▶ _GIVEN DATA_:
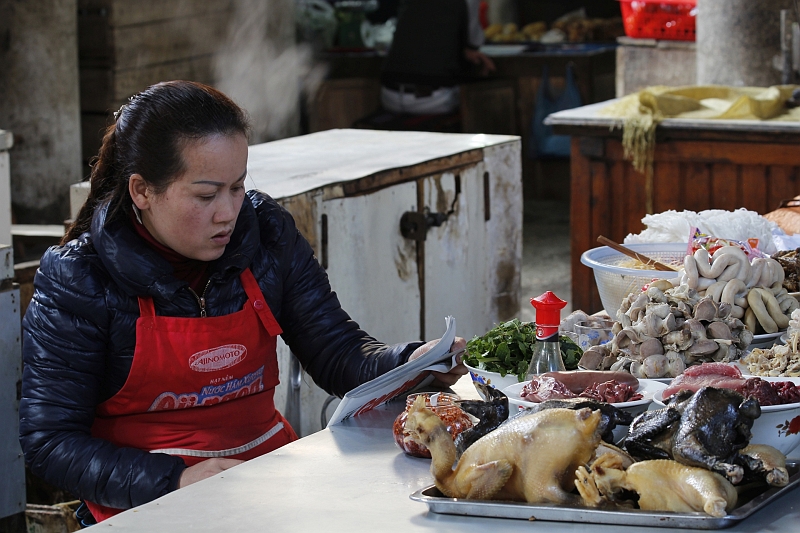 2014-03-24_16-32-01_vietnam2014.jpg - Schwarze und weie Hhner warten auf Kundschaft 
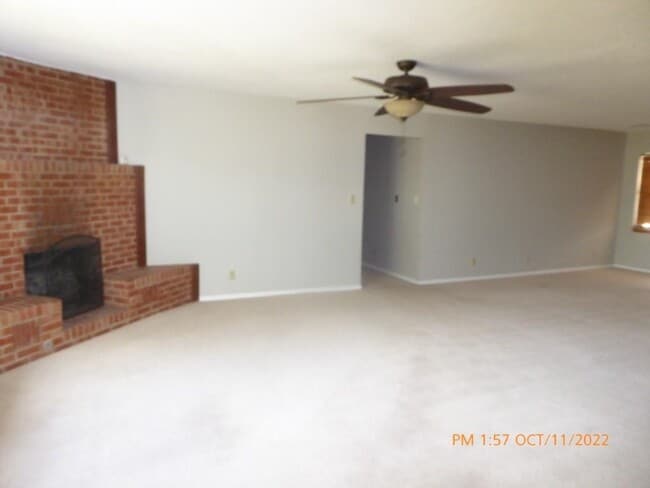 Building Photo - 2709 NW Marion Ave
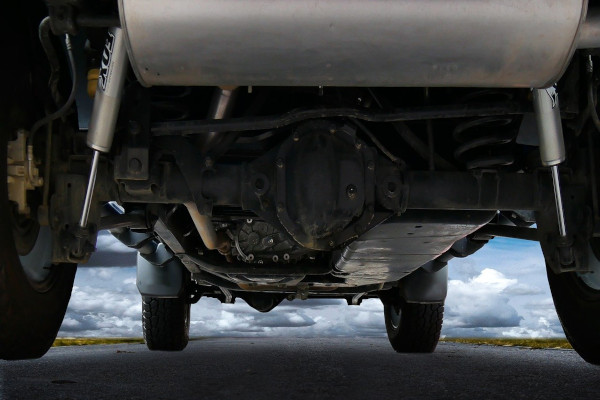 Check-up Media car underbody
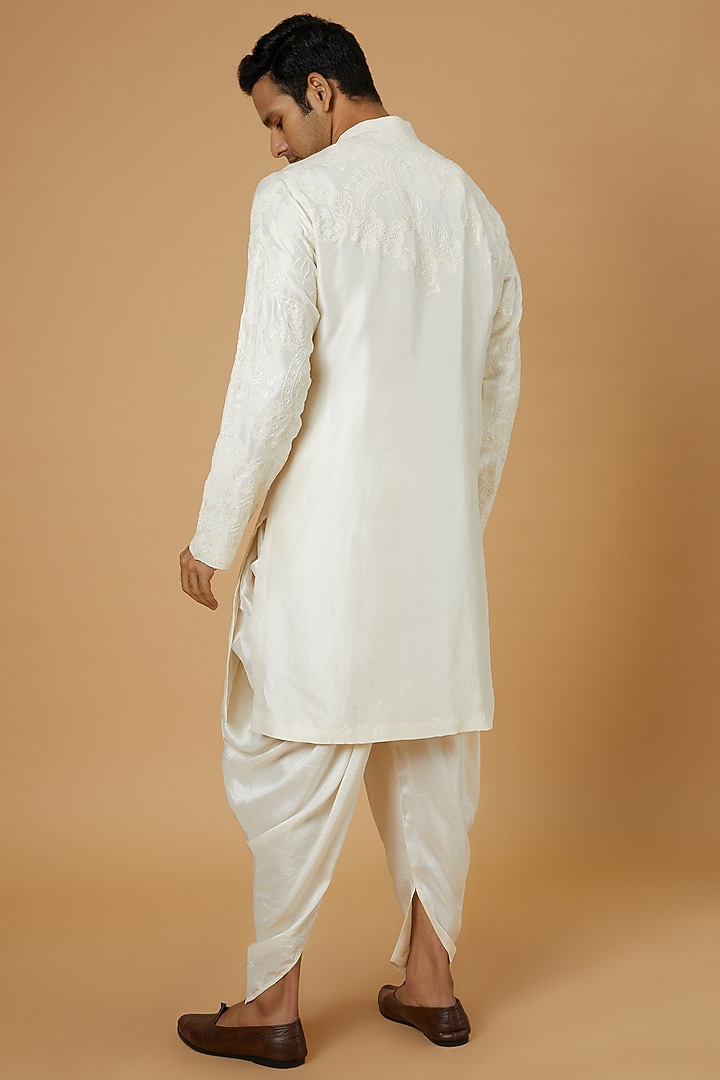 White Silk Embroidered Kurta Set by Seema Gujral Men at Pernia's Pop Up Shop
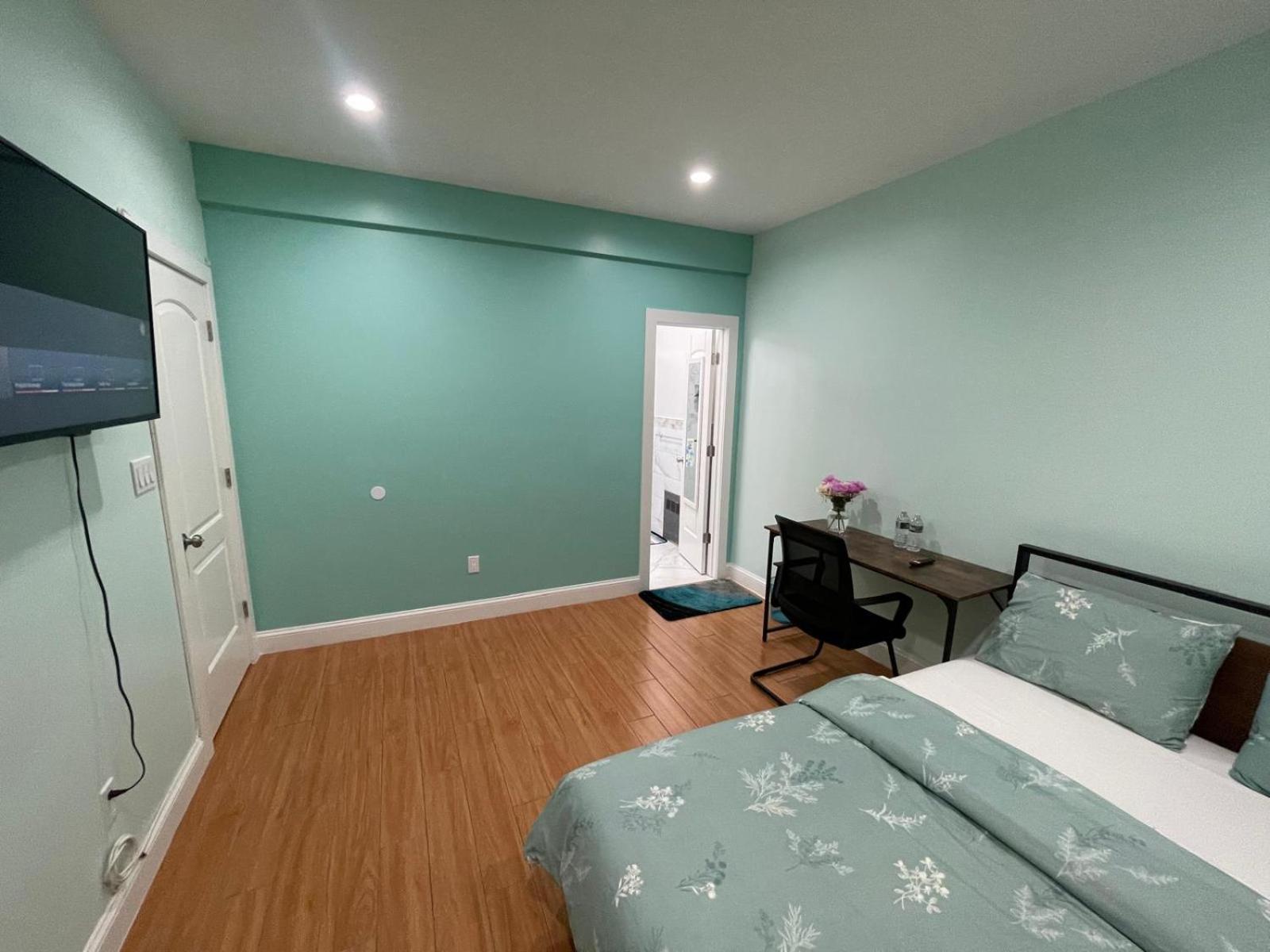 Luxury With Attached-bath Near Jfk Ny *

▶ _EXERCISE INSTRUCTIONS_:
Exclude all pictures and reproduce exactly the lines from the one containing "White Silk Embroidered" through the final line of the entries above.

▶ _RESPONSE TO THIS EXERCISE_:
 White Silk Embroidered Kurta Set by Seema Gujral Men at Pernia's Pop Up Shop
 Luxury With Attached-bath Near Jfk Ny *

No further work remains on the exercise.